> **Work request**
Output the complete listing exactly, please, and keep the pictures out of it.

> **Supplied information**
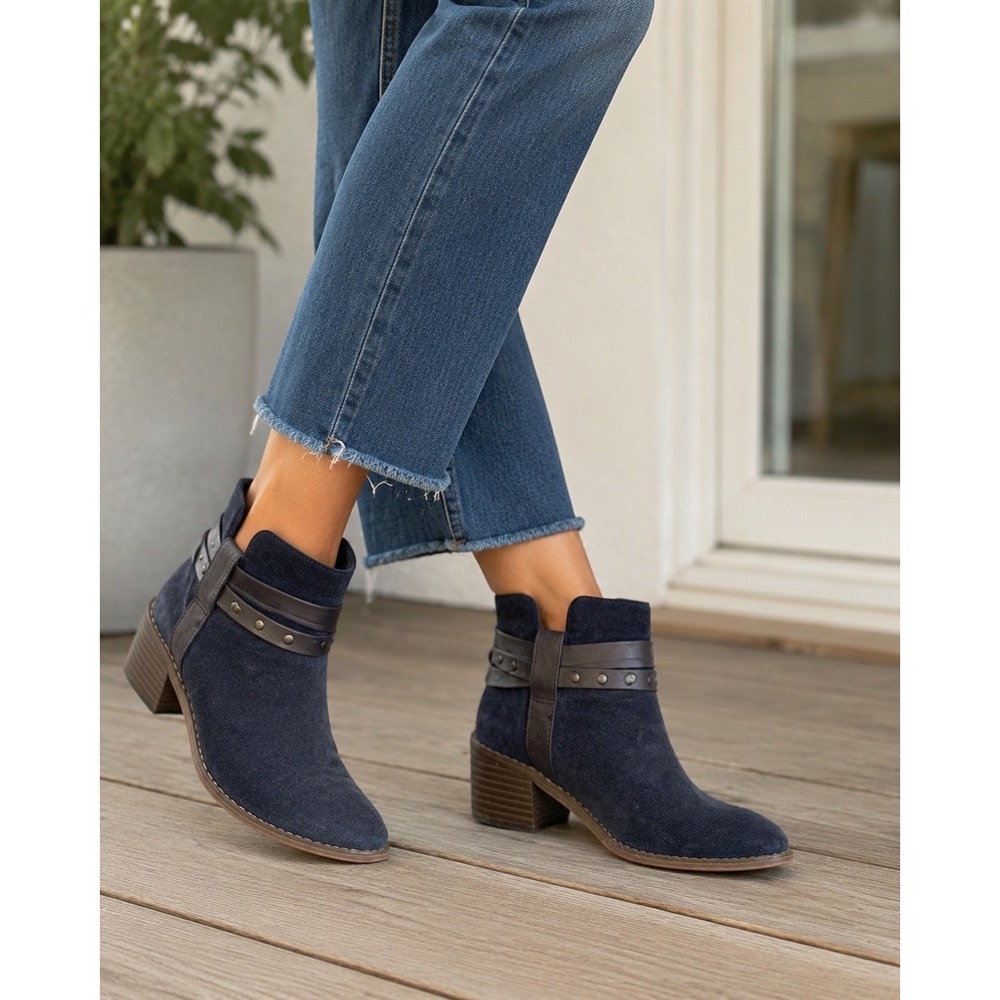 Clarks Somerset Studded Suede Ankle Boots Womens Size 6 Blue Booties Shoes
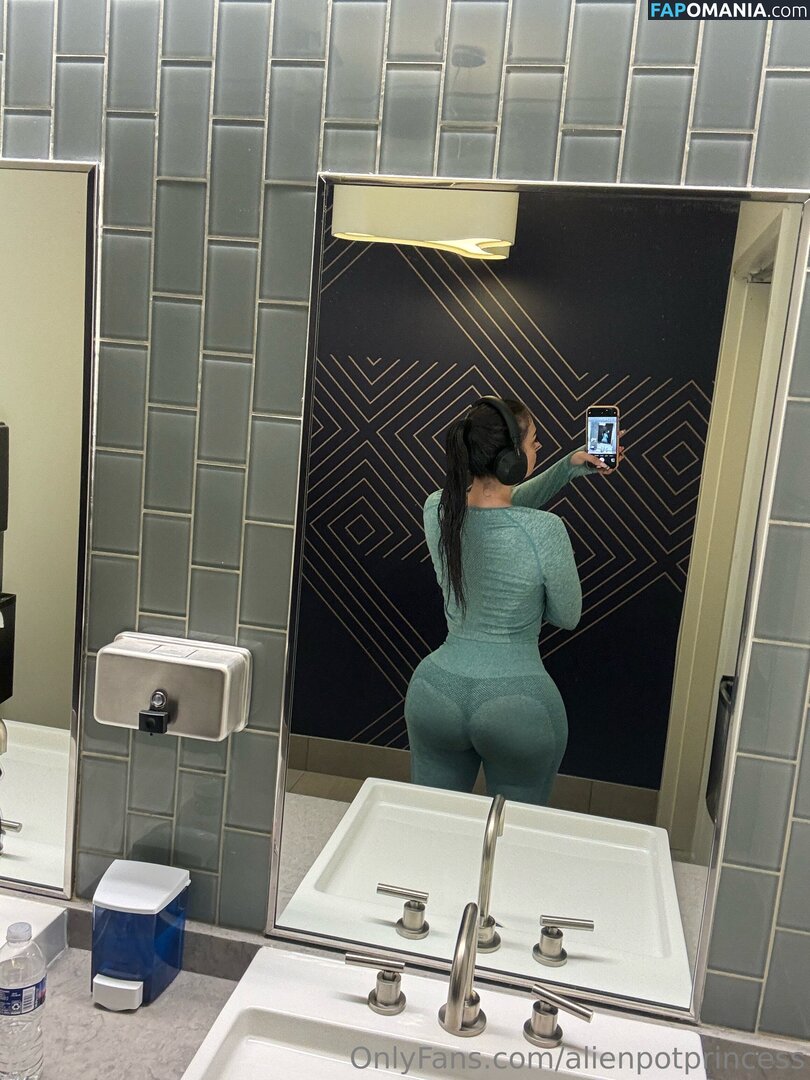 AlienPotPrincess / _alienpotprincess_ Nu OnlyFans  Photo fuitée #5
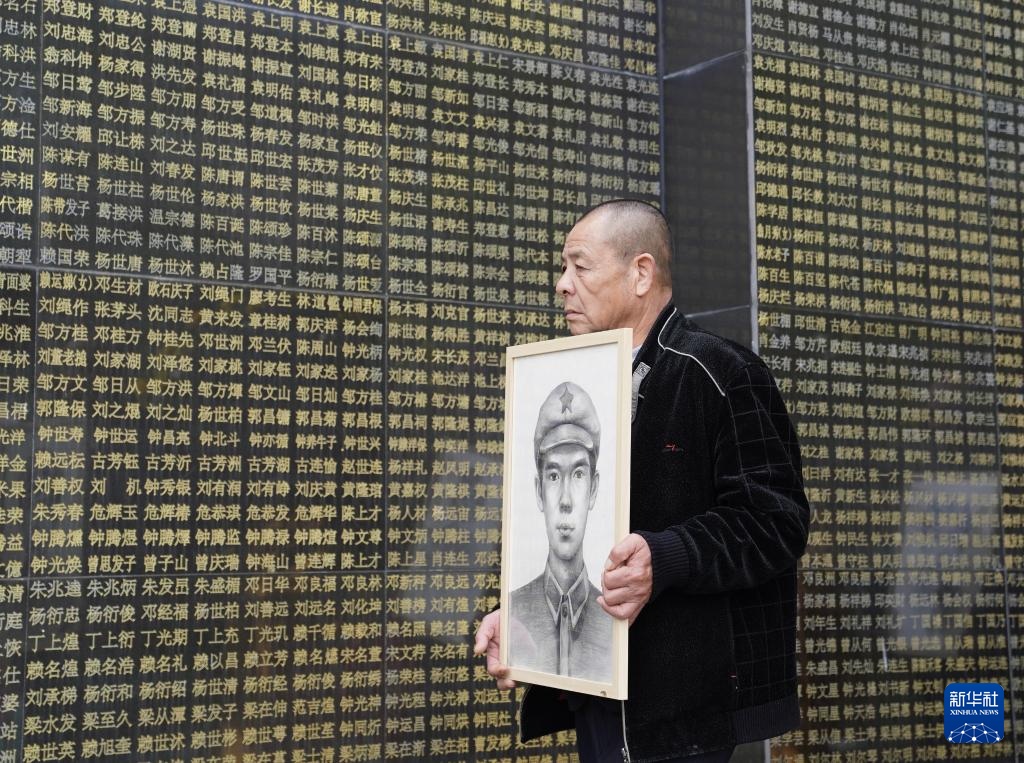 让故乡亲人看看这些年轻的脸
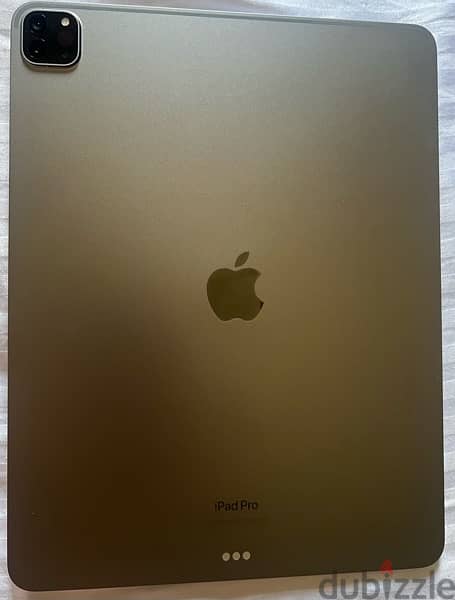 iPad Pro (12.9-inch) (6th generation) 1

> **Result for this exercise**
 Clarks Somerset Studded Suede Ankle Boots Womens Size 6 Blue Booties Shoes
 AlienPotPrincess / _alienpotprincess_ Nu OnlyFans  Photo fuitée #5
 让故乡亲人看看这些年轻的脸
 iPad Pro (12.9-inch) (6th generation) 1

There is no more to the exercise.